# Aim of the task
Take the entries below and print, exactly, the stretch from the line containing "بوتين وترامب ونابليون بينهما!" through the line containing "112 Oakland Rd, Maplewood, NJ 07040", both included.

# Records to process

####################

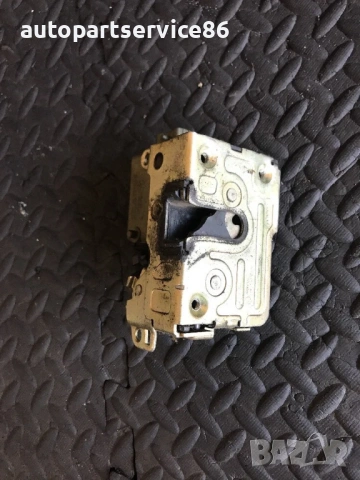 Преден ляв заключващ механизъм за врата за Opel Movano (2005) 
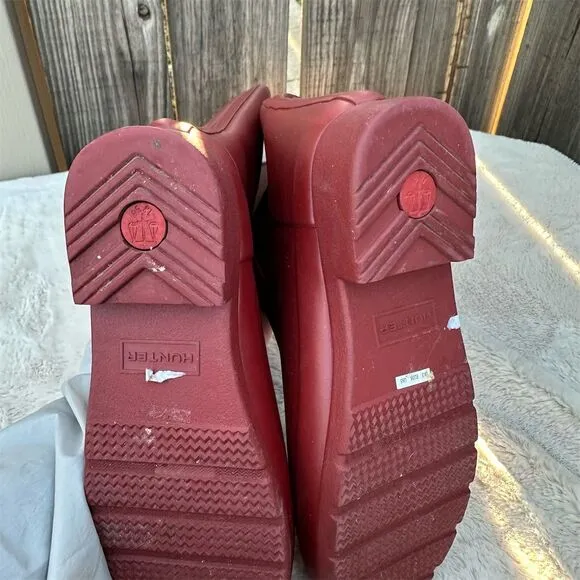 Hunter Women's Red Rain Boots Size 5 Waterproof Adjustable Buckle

####################

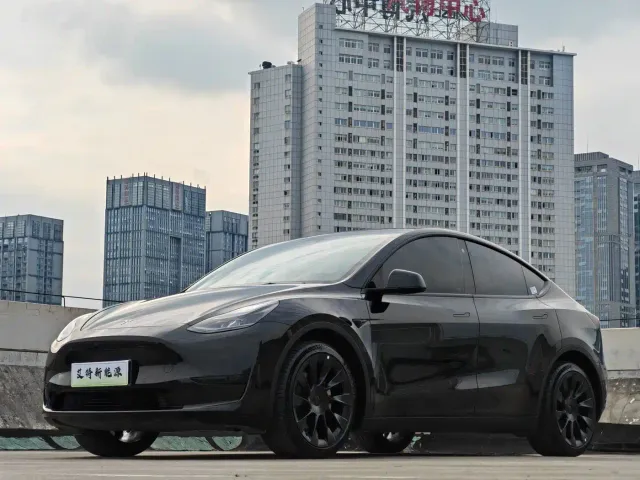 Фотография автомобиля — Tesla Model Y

####################

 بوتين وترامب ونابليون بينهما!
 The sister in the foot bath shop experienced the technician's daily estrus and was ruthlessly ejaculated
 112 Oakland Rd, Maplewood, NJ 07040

####################

# Solved problem
 بوتين وترامب ونابليون بينهما!
 The sister in the foot bath shop experienced the technician's daily estrus and was ruthlessly ejaculated
 112 Oakland Rd, Maplewood, NJ 07040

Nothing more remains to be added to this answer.